Drohungen gegen deutsch-türkische Bundestagsabgeordnete Ditib verurteilt Anfeindungen gegen Parlamentarier

Berlin · Elf türkischstämmige Bundestagsabgeordnete werden massiv bedroht, weil sie nicht gegen die Armenien-Resolution gestimmt haben.

 Der türkische Präsident Recep Erdogan droht deutschen Bundestagsabgeordneten.

Der türkische Präsident Recep Erdogan droht deutschen Bundestagsabgeordneten.

Foto: dpa, tb jak jai

In Deutschland lebende Türken, die sich der Hetze des türkischen Präsidenten Recep Tayyip Erdogan gegen elf türkischstämmige Bundestagsabgeordnete anschließen, müssen unter Umständen mit Konsequenzen der Ausländerbehörden rechnen. "Wer sich als ausländischer Staatsbürger in Deutschland dieser Hetze Erdogans anschließt, muss sich fragen, ob er bei uns noch gut aufgehoben ist", sagte der Staatssekretär im Bundesinnenministerium, Günter Krings (CDU), unserer Redaktion. "Wer so denkt und redet, hat sich in dieses Land und seine Rechtsordnung eben nicht integriert. Und dieser Umstand muss natürlich auch bei Entscheidungen über Aufenthaltstitel berücksichtigt werden", so Krings.

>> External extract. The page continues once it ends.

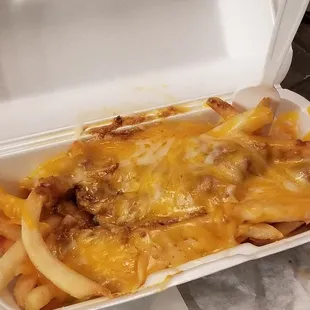 Delicious chili cheese fries.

Der Bundestag hatte die Massaker an den Armeniern im Osmanischen Reich 1915 als Völkermord eingestuft und damit hasserfüllte Reaktionen Erdogans und vieler Türken ausgelöst. Erdogan verunglimpfte elf türkischstämmige Abgeordnete als verlängerten Arm der verbotenen Kurden-Partei PKK. Die elf Parlamentarier, die im Bundestag nicht gegen die Armenien-Resolution gestimmt hatten, sehen sich und ihre Familien seitdem massiven Bedrohungen und Beleidigungen ausgesetzt. Mehrere von ihnen haben Reisen in die Türkei abgesagt. Das Auswärtige Amt hatte ihnen zuvor von solchen Reisen abgeraten. Auf Anfragen von Journalisten wollte gestern keiner der elf Parlamentarier mehr reagieren: Man wolle sich öffentlich nicht mehr äußern, um die Stimmung nicht noch weiter anzuheizen, hieß es aus den Fraktionen.

Alle elf Abgeordneten stehen seit Samstag unter Polizeischutz. Einer der Initiatoren der Resolution war der Grünen-Vorsitzende Cem Özdemir, gegen den sich die Morddrohungen nun häufen. Das Bundeskriminalamt hat ihm daher bereits Leibwächter bei öffentlichen Terminen an die Seite gestellt.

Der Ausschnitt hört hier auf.